The Corner

Elections

Mike Pence Endorses Rebecca Kleefisch for Wisconsin Governor

Then-Wisconsin Lieutenant Governor Rebecca Kleefisch in 2018. (Nick Oxford/Reuters)

Mike Pence endorsed Rebecca Kleefisch in the Wisconsin gubernatorial primary today, adding to the massive list of conservative individuals and organizations that have endorsed her over Trump-backed Tim Michels. The primary election will be held on August 9.

Kleefisch was lieutenant governor from 2011 to 2019, for both of Scott Walker’s terms as governor. She helped stand up to public-sector unions, who sent thousands of protesters to the state capitol in opposition to the state’s budget in 2011. That led to her recall, along with Walker’s, and they each won their recall election with larger margins than they won in their first election.

The GOP leadership in both houses of the Wisconsin legislature endorsed her, as have numerous other state legislators. She’s also been endorsed by Iowa governor Kim Reynolds, Senator Ted Cruz, former U.N. ambassador and South Carolina governor Nikki Haley, and, naturally, Scott Walker.

With the Supreme Court returning the issue of abortion to the states (where it belongs), it’s all the more important that Wisconsin Right to Life has endorsed Kleefisch. Crime is becoming more of an issue to voters, and Kleefisch is endorsed by the sheriffs of 40 of the state’s 72 counties. She’s rock-solid on gun rights as well, with the Wisconsin Firearms Owners Association supporting her.

Tim Michels, on the other hand, is endorsed by former governor Tommy Thompson and Donald Trump. And that’s pretty much it. Not one member of the state legislature and not one sheriff has endorsed him yet. One campaign mailer claimed he has been endorsed by the NRA — but he has not been endorsed by the NRA (source: the NRA). He has an “AQ” rating from the NRA, which is one grade below Kleefisch’s “A” rating. Wisconsin Right to Life endorsed him as well as Kleefisch, but unlike Kleefisch, who supported multiple cuts to Planned Parenthood funding during the Walker years, we don’t really know anything about Michels’s record on abortion. In fact, we don’t really know anything about his record on anything.

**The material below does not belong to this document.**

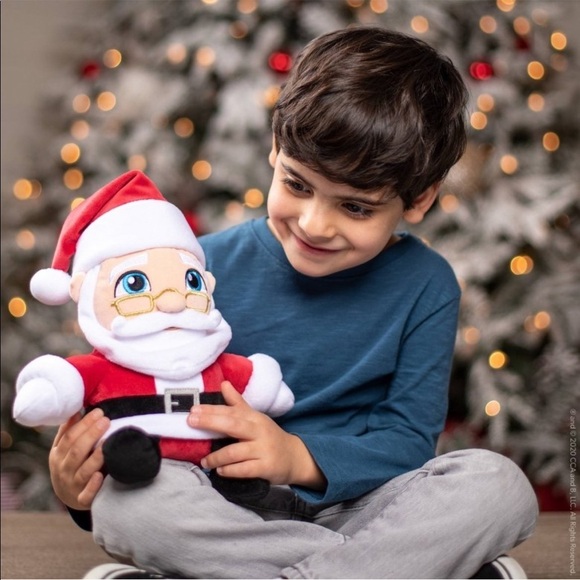 NWT Santa Says Talking Plush Toy Elf on the Shelf Christmas toy kids decor - Picture 4 of 4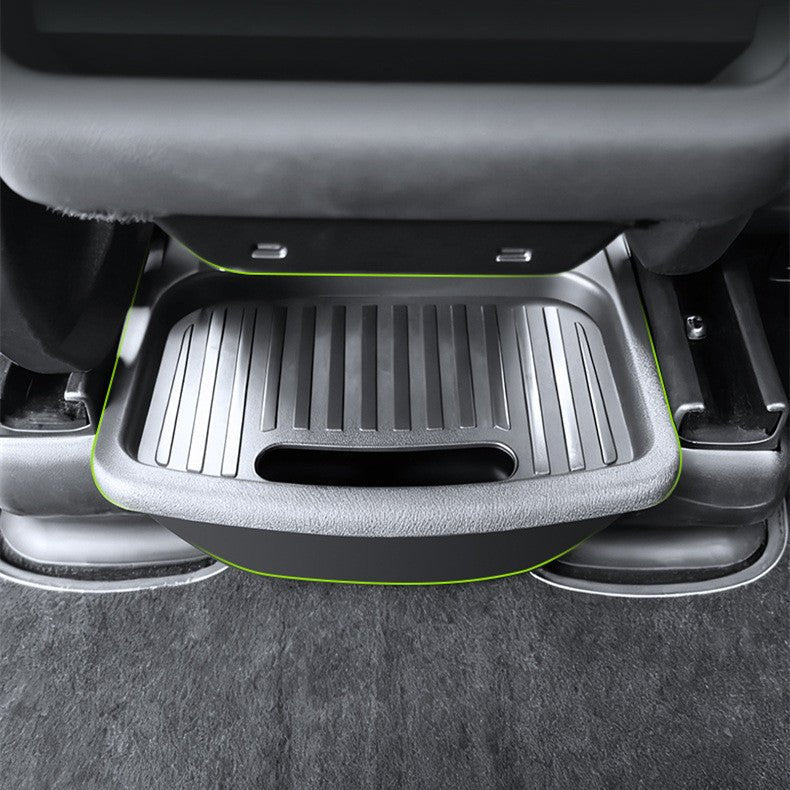 [Aisen] Silicone Rear Middle Storage Box & Organizer for Tesla Model Y Juniper (Premium Silicone, 1-Pack)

Michels ran for Senate in 2004 against Democrat Russ Feingold, losing by eleven points. Then, he essentially disappeared from any visible role in Wisconsin politics. He apparently spent a fair amount of time in New York and Connecticut, where his kids went to school and he purchased multiple multimillion-dollar homes.

Then, with the campaign already well underway, he parachuted into the gubernatorial election at the end of April and got Trump’s endorsement. He’s been self-funding his campaign and pledged not to take individual donations — which is a creative way to turn having no in-state conservative connections into an “outsider” campaign posture.

Given that nearly everyone else has supported Kleefisch, Trump’s endorsement is a bit puzzling. It may have had something to do with Trump’s pettiness and grievances over the 2020 election. Trump lost Wisconsin in 2020, but he continues to believe that he actually won it. One person he believes harmed him was Wisconsin Supreme Court justice Brian Hagedorn, who joined the court’s left-leaning members in declining to hear one of Trump’s legal challenges to the election. (Like all the legal challenges the Trump campaign brought in Wisconsin, it was baseless anyway.)

What does Hagedorn have to do with Michels and Kleefisch? Well, in 2019 Hagedorn’s son went to high-school homecoming with Kleefisch’s daughter, which apparently came up in conversation when Michels visited Trump’s home in Mar-a-Lago before announcing his campaign. Even though Michels donated $5,000 to Hagedorn’s campaign in 2018 (Wisconsin Supreme Court justices are elected), Trump was reportedly “bothered” by the homecoming photo and subsequently announced his endorsement of Michels.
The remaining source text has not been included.